*What you need to do:* Reproduce the entries exactly.

Extracted records:
_ _ _ _ _

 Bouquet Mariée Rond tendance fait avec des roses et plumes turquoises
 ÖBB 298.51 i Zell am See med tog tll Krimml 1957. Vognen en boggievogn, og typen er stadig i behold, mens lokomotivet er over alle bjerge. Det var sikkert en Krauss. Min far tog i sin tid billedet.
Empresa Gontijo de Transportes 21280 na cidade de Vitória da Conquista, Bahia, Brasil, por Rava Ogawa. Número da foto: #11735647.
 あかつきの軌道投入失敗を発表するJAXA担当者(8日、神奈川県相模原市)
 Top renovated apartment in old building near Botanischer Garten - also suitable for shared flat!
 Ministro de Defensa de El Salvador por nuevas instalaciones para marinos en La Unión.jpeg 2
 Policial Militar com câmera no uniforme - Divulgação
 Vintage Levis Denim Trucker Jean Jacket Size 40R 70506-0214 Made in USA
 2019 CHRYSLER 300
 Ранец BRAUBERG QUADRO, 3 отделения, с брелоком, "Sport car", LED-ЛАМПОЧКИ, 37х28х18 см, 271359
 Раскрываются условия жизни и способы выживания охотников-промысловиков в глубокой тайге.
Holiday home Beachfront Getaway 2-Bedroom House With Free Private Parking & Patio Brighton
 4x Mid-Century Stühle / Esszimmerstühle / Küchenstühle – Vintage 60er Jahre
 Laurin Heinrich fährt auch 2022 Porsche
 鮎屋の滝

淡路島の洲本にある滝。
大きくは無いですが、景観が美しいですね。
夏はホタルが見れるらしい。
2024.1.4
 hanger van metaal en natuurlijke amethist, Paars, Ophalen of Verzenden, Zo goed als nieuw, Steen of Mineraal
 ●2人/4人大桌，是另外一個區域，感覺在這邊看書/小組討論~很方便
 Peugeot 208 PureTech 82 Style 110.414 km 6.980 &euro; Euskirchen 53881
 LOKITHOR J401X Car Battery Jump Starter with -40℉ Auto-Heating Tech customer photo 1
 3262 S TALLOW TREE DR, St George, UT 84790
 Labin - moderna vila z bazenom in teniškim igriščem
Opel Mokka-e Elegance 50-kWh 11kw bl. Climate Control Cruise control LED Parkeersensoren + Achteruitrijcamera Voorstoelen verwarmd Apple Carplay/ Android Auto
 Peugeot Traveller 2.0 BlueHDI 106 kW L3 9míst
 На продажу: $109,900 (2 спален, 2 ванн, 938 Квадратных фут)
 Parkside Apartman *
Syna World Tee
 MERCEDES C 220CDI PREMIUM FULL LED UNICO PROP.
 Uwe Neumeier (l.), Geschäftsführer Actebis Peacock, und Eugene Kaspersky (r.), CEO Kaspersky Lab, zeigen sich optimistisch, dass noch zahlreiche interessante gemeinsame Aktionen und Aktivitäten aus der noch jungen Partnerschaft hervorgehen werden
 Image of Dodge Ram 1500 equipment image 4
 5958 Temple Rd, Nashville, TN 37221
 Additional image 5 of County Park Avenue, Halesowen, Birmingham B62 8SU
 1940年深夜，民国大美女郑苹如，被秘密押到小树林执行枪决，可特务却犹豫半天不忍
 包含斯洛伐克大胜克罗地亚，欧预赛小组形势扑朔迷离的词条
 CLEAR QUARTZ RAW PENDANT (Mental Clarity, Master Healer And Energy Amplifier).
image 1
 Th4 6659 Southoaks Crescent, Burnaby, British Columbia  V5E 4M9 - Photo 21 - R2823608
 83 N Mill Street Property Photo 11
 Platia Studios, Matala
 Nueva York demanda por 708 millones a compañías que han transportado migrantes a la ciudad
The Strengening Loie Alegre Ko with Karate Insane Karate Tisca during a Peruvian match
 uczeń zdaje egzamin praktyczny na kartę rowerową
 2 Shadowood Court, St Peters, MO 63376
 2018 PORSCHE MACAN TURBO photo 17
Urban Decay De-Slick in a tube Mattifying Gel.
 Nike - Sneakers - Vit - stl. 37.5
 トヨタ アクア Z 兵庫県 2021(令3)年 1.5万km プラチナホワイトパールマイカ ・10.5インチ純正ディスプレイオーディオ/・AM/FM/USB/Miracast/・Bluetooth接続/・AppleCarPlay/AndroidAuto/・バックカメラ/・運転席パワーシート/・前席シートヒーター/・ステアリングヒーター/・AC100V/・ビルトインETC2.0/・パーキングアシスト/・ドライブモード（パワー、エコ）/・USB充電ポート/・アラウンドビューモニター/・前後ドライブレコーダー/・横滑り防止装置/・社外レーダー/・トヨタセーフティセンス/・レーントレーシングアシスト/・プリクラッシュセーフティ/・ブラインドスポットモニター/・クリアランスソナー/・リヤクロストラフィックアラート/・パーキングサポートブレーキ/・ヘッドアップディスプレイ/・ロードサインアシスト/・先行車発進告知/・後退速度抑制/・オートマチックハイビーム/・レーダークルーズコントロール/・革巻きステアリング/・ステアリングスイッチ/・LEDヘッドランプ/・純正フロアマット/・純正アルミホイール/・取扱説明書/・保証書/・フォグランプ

_ _ _ _ _

*Task result:*
 Bouquet Mariée Rond tendance fait avec des roses et plumes turquoises
 ÖBB 298.51 i Zell am See med tog tll Krimml 1957. Vognen en boggievogn, og typen er stadig i behold, mens lokomotivet er over alle bjerge. Det var sikkert en Krauss. Min far tog i sin tid billedet.
Empresa Gontijo de Transportes 21280 na cidade de Vitória da Conquista, Bahia, Brasil, por Rava Ogawa. Número da foto: #11735647.
 あかつきの軌道投入失敗を発表するJAXA担当者(8日、神奈川県相模原市)
 Top renovated apartment in old building near Botanischer Garten - also suitable for shared flat!
 Ministro de Defensa de El Salvador por nuevas instalaciones para marinos en La Unión.jpeg 2
 Policial Militar com câmera no uniforme - Divulgação
 Vintage Levis Denim Trucker Jean Jacket Size 40R 70506-0214 Made in USA
 2019 CHRYSLER 300
 Ранец BRAUBERG QUADRO, 3 отделения, с брелоком, "Sport car", LED-ЛАМПОЧКИ, 37х28х18 см, 271359
 Раскрываются условия жизни и способы выживания охотников-промысловиков в глубокой тайге.
Holiday home Beachfront Getaway 2-Bedroom House With Free Private Parking & Patio Brighton
 4x Mid-Century Stühle / Esszimmerstühle / Küchenstühle – Vintage 60er Jahre
 Laurin Heinrich fährt auch 2022 Porsche
 鮎屋の滝

淡路島の洲本にある滝。
大きくは無いですが、景観が美しいですね。
夏はホタルが見れるらしい。
2024.1.4
 hanger van metaal en natuurlijke amethist, Paars, Ophalen of Verzenden, Zo goed als nieuw, Steen of Mineraal
 ●2人/4人大桌，是另外一個區域，感覺在這邊看書/小組討論~很方便
 Peugeot 208 PureTech 82 Style 110.414 km 6.980 &euro; Euskirchen 53881
 LOKITHOR J401X Car Battery Jump Starter with -40℉ Auto-Heating Tech customer photo 1
 3262 S TALLOW TREE DR, St George, UT 84790
 Labin - moderna vila z bazenom in teniškim igriščem
Opel Mokka-e Elegance 50-kWh 11kw bl. Climate Control Cruise control LED Parkeersensoren + Achteruitrijcamera Voorstoelen verwarmd Apple Carplay/ Android Auto
 Peugeot Traveller 2.0 BlueHDI 106 kW L3 9míst
 На продажу: $109,900 (2 спален, 2 ванн, 938 Квадратных фут)
 Parkside Apartman *
Syna World Tee
 MERCEDES C 220CDI PREMIUM FULL LED UNICO PROP.
 Uwe Neumeier (l.), Geschäftsführer Actebis Peacock, und Eugene Kaspersky (r.), CEO Kaspersky Lab, zeigen sich optimistisch, dass noch zahlreiche interessante gemeinsame Aktionen und Aktivitäten aus der noch jungen Partnerschaft hervorgehen werden
 Image of Dodge Ram 1500 equipment image 4
 5958 Temple Rd, Nashville, TN 37221
 Additional image 5 of County Park Avenue, Halesowen, Birmingham B62 8SU
 1940年深夜，民国大美女郑苹如，被秘密押到小树林执行枪决，可特务却犹豫半天不忍
 包含斯洛伐克大胜克罗地亚，欧预赛小组形势扑朔迷离的词条
 CLEAR QUARTZ RAW PENDANT (Mental Clarity, Master Healer And Energy Amplifier).
image 1
 Th4 6659 Southoaks Crescent, Burnaby, British Columbia  V5E 4M9 - Photo 21 - R2823608
 83 N Mill Street Property Photo 11
 Platia Studios, Matala
 Nueva York demanda por 708 millones a compañías que han transportado migrantes a la ciudad
The Strengening Loie Alegre Ko with Karate Insane Karate Tisca during a Peruvian match
 uczeń zdaje egzamin praktyczny na kartę rowerową
 2 Shadowood Court, St Peters, MO 63376
 2018 PORSCHE MACAN TURBO photo 17
Urban Decay De-Slick in a tube Mattifying Gel.
 Nike - Sneakers - Vit - stl. 37.5
 トヨタ アクア Z 兵庫県 2021(令3)年 1.5万km プラチナホワイトパールマイカ ・10.5インチ純正ディスプレイオーディオ/・AM/FM/USB/Miracast/・Bluetooth接続/・AppleCarPlay/AndroidAuto/・バックカメラ/・運転席パワーシート/・前席シートヒーター/・ステアリングヒーター/・AC100V/・ビルトインETC2.0/・パーキングアシスト/・ドライブモード（パワー、エコ）/・USB充電ポート/・アラウンドビューモニター/・前後ドライブレコーダー/・横滑り防止装置/・社外レーダー/・トヨタセーフティセンス/・レーントレーシングアシスト/・プリクラッシュセーフティ/・ブラインドスポットモニター/・クリアランスソナー/・リヤクロストラフィックアラート/・パーキングサポートブレーキ/・ヘッドアップディスプレイ/・ロードサインアシスト/・先行車発進告知/・後退速度抑制/・オートマチックハイビーム/・レーダークルーズコントロール/・革巻きステアリング/・ステアリングスイッチ/・LEDヘッドランプ/・純正フロアマット/・純正アルミホイール/・取扱説明書/・保証書/・フォグランプ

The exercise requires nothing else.